States Arming the UAE Risk Complicity in Its Grave Abuses in Sudan
(Washington, D.C., July 15, 2026) – The UN General Assembly and individual member states should impose an immediate arms embargo on the United Arab Emirates (UAE) because of its central role in supporting genocide in Sudan and grave human rights violations across the region, said DAWN today.
Documented supply lines, training camps, re-exported foreign weapons, and business ties underline extensive UAE support for the Rapid Support Forces (RSF), the Sudanese paramilitary group found by the Independent International Fact-Finding Mission for the Sudan to have perpetrated acts of genocide against non-Arab communities in Sudan's Darfur region. States like the U.S., France, U.K., China and Italy that continue to provide arms or other military support to the( UAE amid the Sudan genocide risk complicity in its grave abuses in Sudan and across the region.
"From documented re-exports of Chinese howitzers to Darfur to Colombian mercenaries and Dubai-based financial networks fueling the RSF, the evidence of UAE's support for abusive actors in Sudan is overwhelming," said Omar Shakir, DAWN's Executive Director. "The UAE is the principal external sponsor of a force that a UN fact-finding mission has found committed acts of genocide. No legal framework, international or domestic, can justify continued arms transfers to the UAE."
DAWN has written to five governments best placed to choke off the flow, calling on them to impose an arms embargo: the United States, which supplies 54 percent of the UAE's arms; France, its second-largest supplier at 13 percent; the United Kingdom and China, whose components and re-exported munitions have reportedly turned up in RSF hands in Sudan.
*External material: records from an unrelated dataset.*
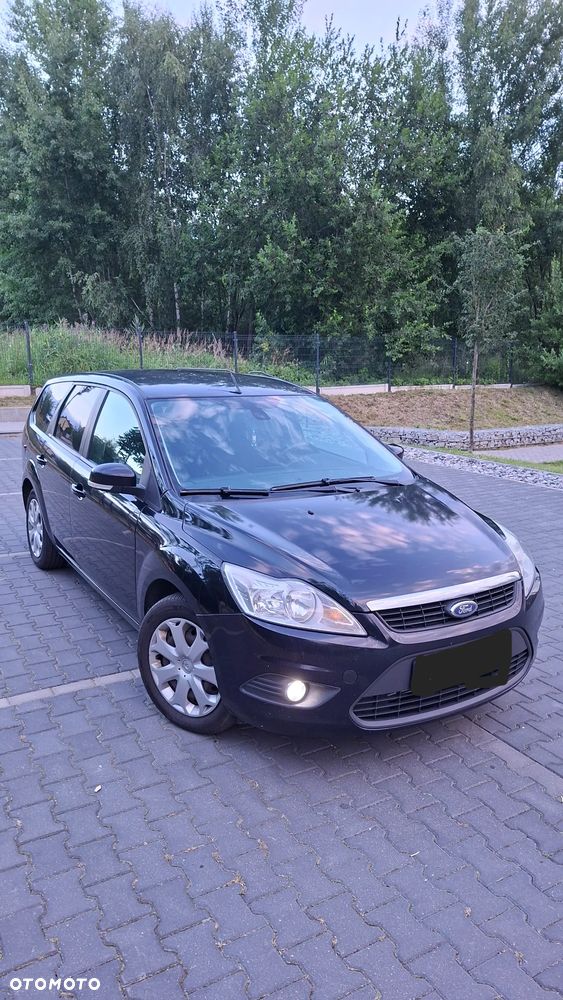 Ford Focus 2.0 TDCi DPF Trend - 6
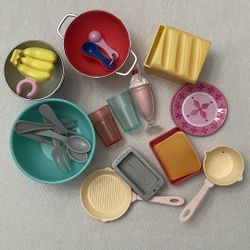 Kitchen Toys For American Girl Dolls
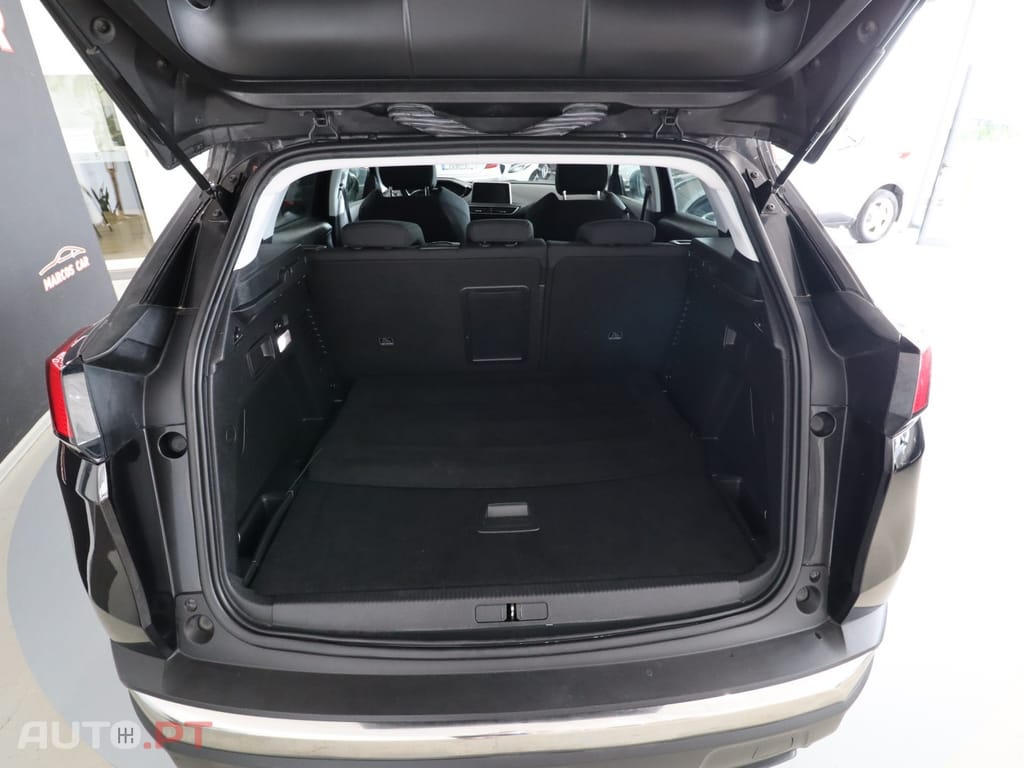 Peugeot 3008 1.6 BlueHDi Active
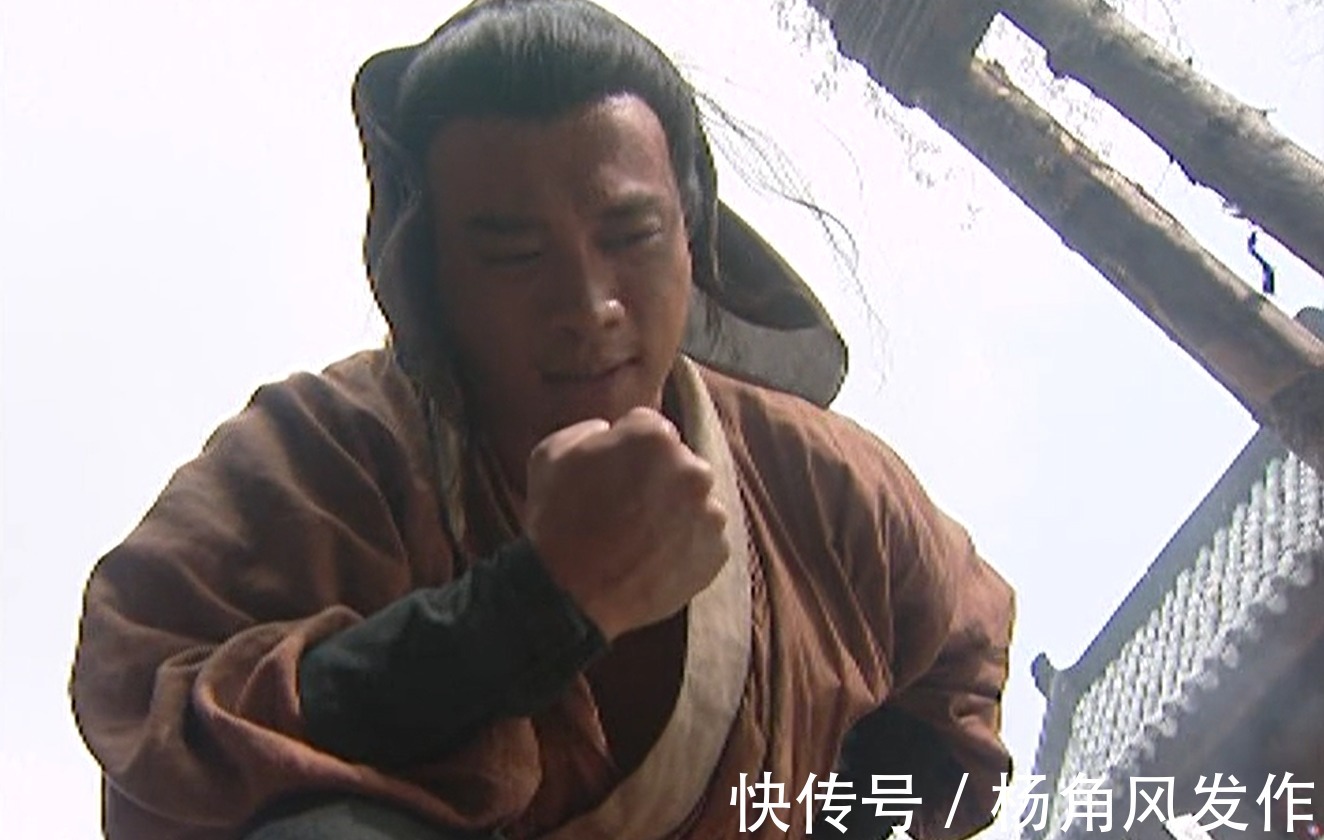 蒋门神!水浒传:若是蒋门神养好身体,拼尽全力对付武松,打赢概率多大?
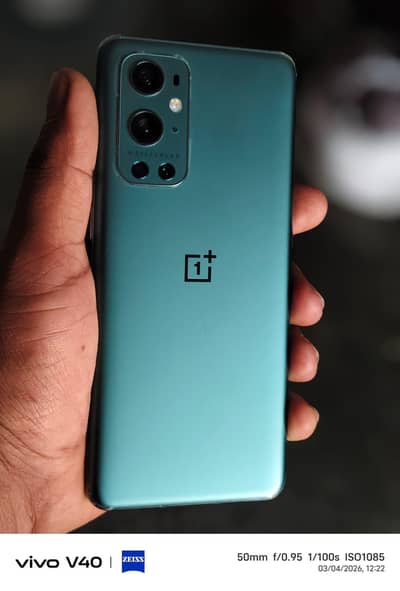 One Plus 9 Pro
All four are permanent members of the UN Security Council, and each has both the legal duty and the leverage to halt transfers now. DAWN also wrote to Italy, which in 2021 revoked missile and bomb licenses to the UAE under its own arms export law — the one supplier that has already acted — urging Rome to reinstate and extend those measures.
The UAE has armed and financed the RSF since April 2023. The UAE government denies arming the RSF, but the UN Panel of Experts on Sudan identified UAE-linked supply lines transporting weapons, vehicles, and fuel through Chad and Libya into Sudan. Amnesty International's analysis of shipment-level trade data, images and videos from social media, and interviews document foreign weapons in RSF hands, including UAE-made armored personnel carriers (APCs) with French and British-manufactured components, a variety of small arms produced in Türkiye, Russia, and Serbia, and UAE re-exports of Chinese Norinco bombs and howitzers to the RSF. The only country in the world that imports the AH-4 howitzer from China is the UAE, according to SIPRI arms transfer data cited by Amnesty International. U.S. Senator Chris Van Hollen and U.S. Representative Sara Jacobs confirmed in January 2025 that the UAE kept arming the RSF, in direct contradiction to assurances it apparently gave Washington.
Between 2021-2025, the UAE ranked as the 11th largest arms importer globally, according to the Stockholm International Peace Research Institute (SIPRI). SIPRI's data shows that, over the past decade, more than half (54%) of the UAE's imported arms have come from the U.S., with the remainder coming from France (13%), South Africa (4.9%), Türkiye (4.9%), South Korea (4.7%), Sweden (2.4%), the Netherlands (2.2%), Russia (2.2%), Canada (2.1%), Israel (2%), China (1.4%), Germany (1.1%), Singapore (0.9%), Australia (0.9%), the United Kingdom (0.8%), Spain (0.7%), Italy (0.6%), Finland (0.2%), Serbia (0.1%), and Brazil (one transfer during this period). Some of these weapons have allegedly been used in Sudan.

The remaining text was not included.